§ PROBLEM TO SOLVE
Each line, starting at the one with "Baby Fruit Feeder Set" and running to the end of the data below, is to be set down again exactly, both ends included; leave pictures out.

BEGIN

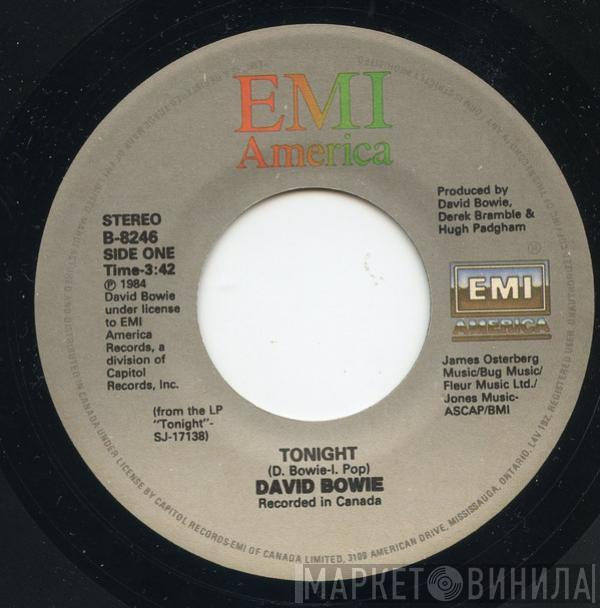  David Bowie  - Tonight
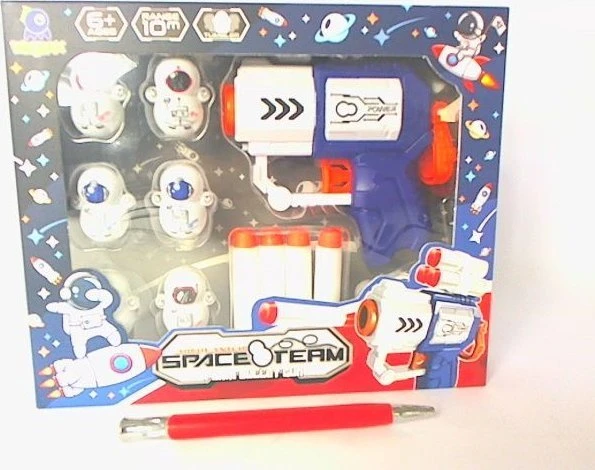 Lean Toys Mz Import *****Pistolet n/miękkie strzałki zest 118B-2 06188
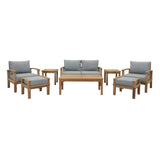 Marina 8 Piece Outdoor Patio Teak Set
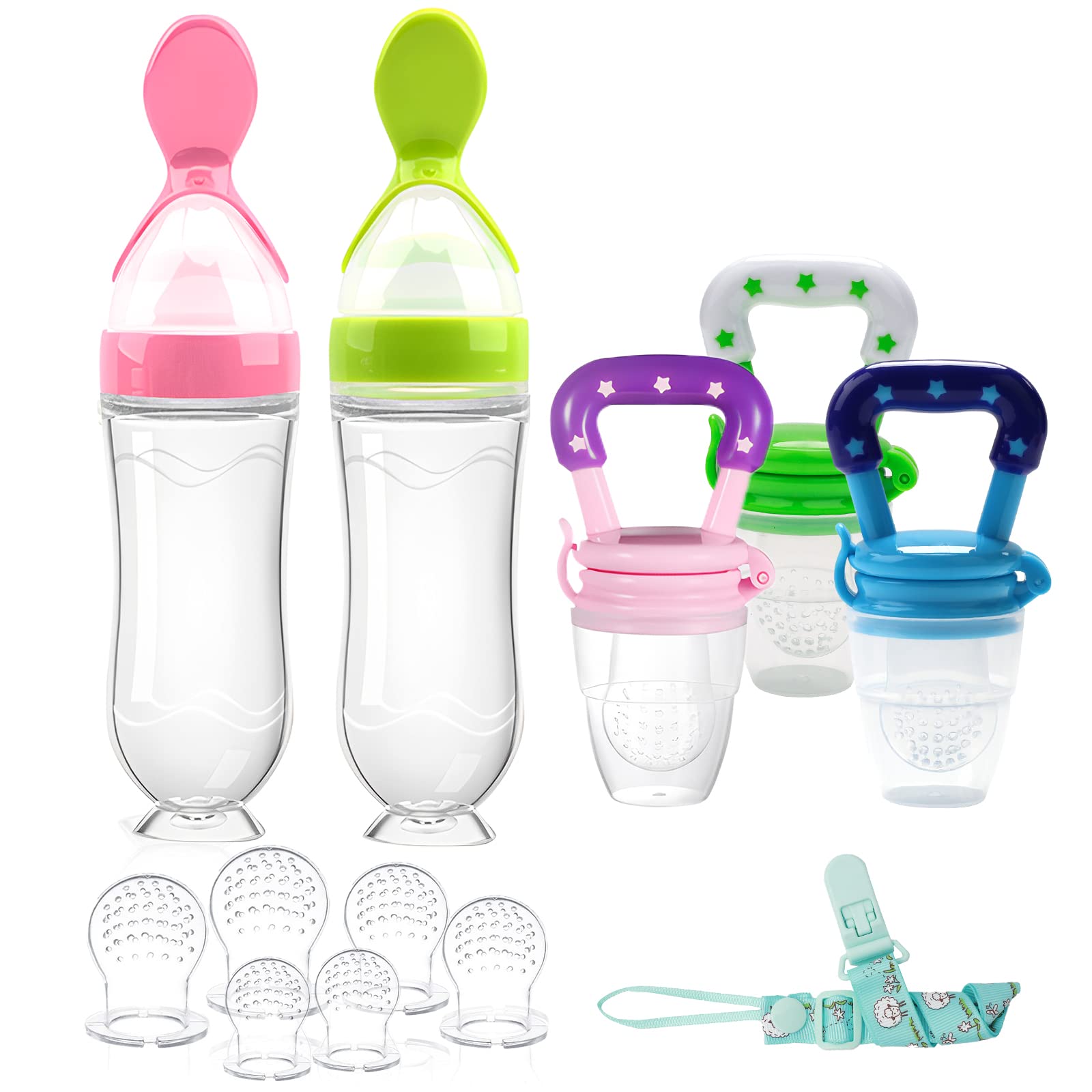 Baby Fruit Feeder Set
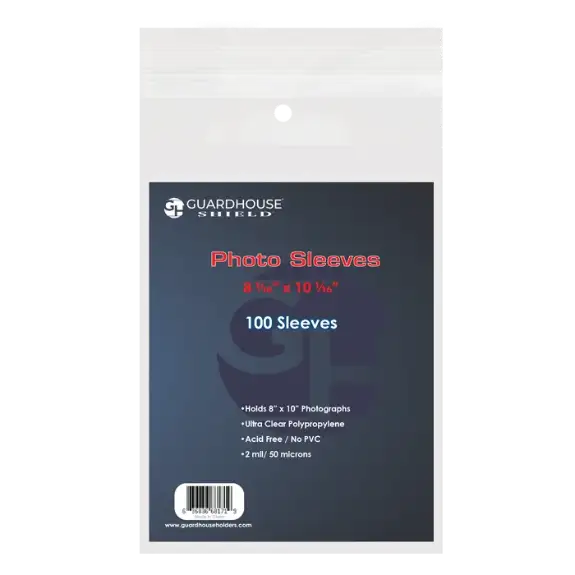 Shield Sleeve for 8 x 10 Photos & Prints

END

§ EXPECTED OUTPUT
 Baby Fruit Feeder Set
 Shield Sleeve for 8 x 10 Photos & Prints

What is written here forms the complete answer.